In our study we included 34 hemodialysis patients (1gr), age 58,7±16.4 years (18 f/16 m), and 40 (2gr) patients, age 55±16.4 years (22 f/18 m) on peritoneal dialysis at our nephrology center. The study of metabolites included 2 stages before taking “Maxilac” and after 2 months. Blood samples were analyzed using 1H-nuclear magnetic resonance spectroscopy focusing on low-molecular-weight metabolites. We used standard statistical methods and oPLS-DA analyses employing the MetaboAnalyst 6.0 platform. A total of 55 metabolites were identified in serum samples patients with CKD on PD and hemodialysis.
Initially, Student's t-test demonstrated a statistically significant difference in the levels of metabolites in the study groups: the levels of pCS (301,4±43,1 vs 371,6±57,0 µmol/l), IS (55,9±28,0 vs 73,1±37,5 µmol/l), TMAO (991,81±461,1 vs 1258,4±649,6 µmol/l) and hippurate (138,0±71,0 vs 383,5±183,1 µmol/l) were higher in the group of patients on hemodialysis, while creatinine levels in these groups did not differ significantly. Statistically significant changes in metabolite levels were detected in the study groups after treatment with Maxilac (p ≤0,05).

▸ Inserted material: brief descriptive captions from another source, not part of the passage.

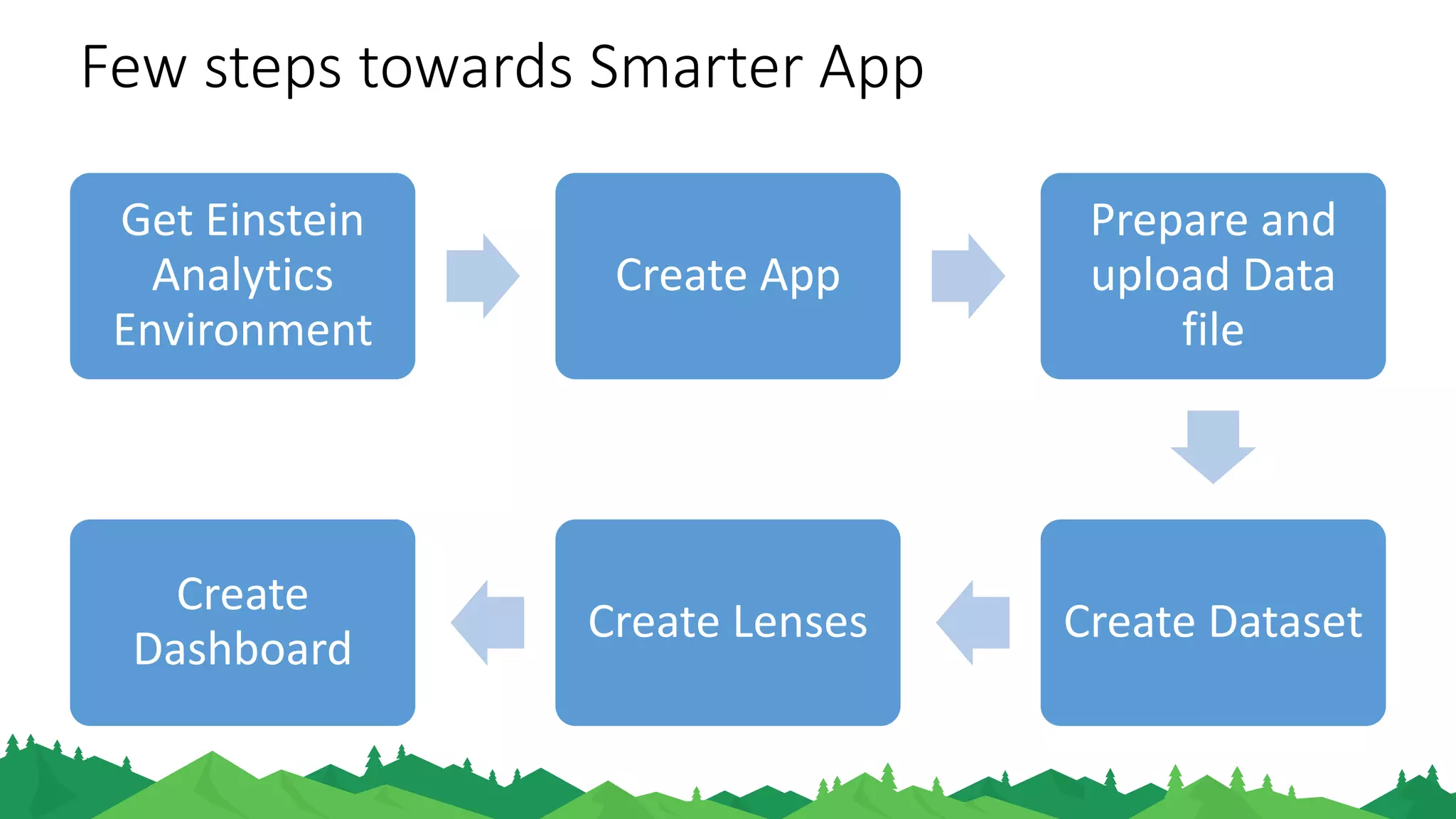 Few steps towards Smarter App
Get Einstein
Analytics
Environment
Create App
Prepare and
upload Data
file
Create DatasetCreate Lenses
Create
Dashboard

In patients undergoing hemodialysis, the level of metabolites changed: threonine, hippurate, xanthosine, aspartate, acetone, proline, myoinositol, inosine, 1-methylhistidine, carnitine, lactate, 2-oxoisocaproate, dimethylamine, 3-methyl-2-oxovalerate (Fig. 1). PD patients showed changed levels of sarcosine, fumarate, methionine, ornithine, acetylcholine, isobutyrate, inosine, hypoxanthine and phenylalanine (Fig. 2).

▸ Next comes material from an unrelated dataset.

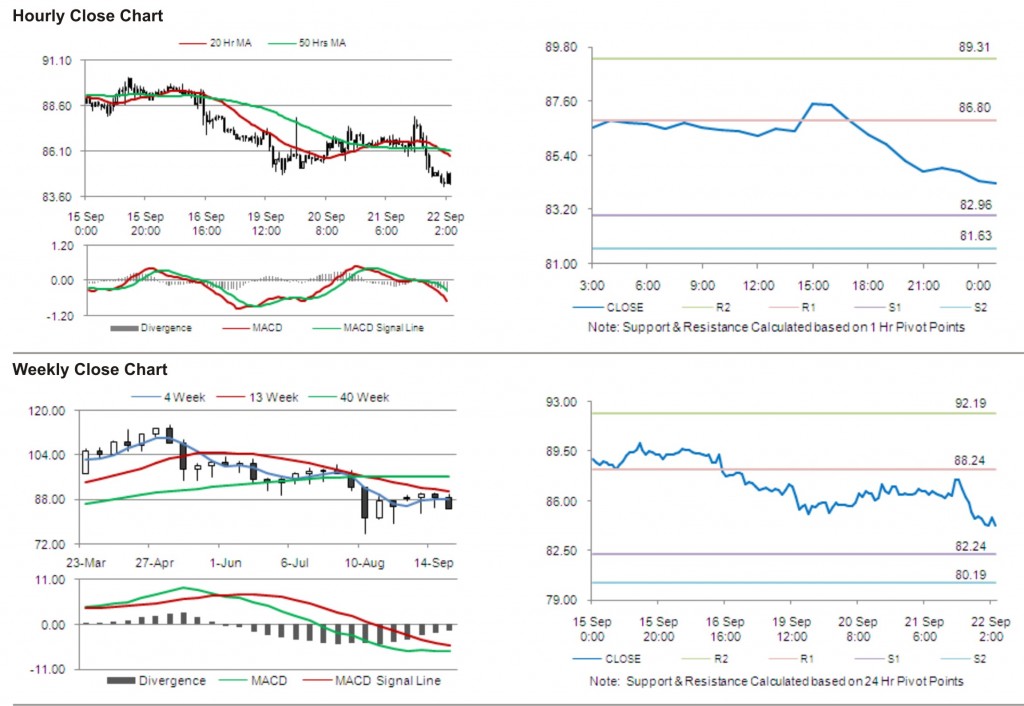 Crude Oil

The data obtained indicates that in patients on PD, the level of uremic toxins was lower than in patients on HD. Therapy with the drug "Maxilac" causes specific metabolic changes in patients on HD and PD, Therapy with the drug "Maxilac" causes specific metabolic changes in patients on HD and PD, affecting the metabolism of amino acids, lipids and glucose.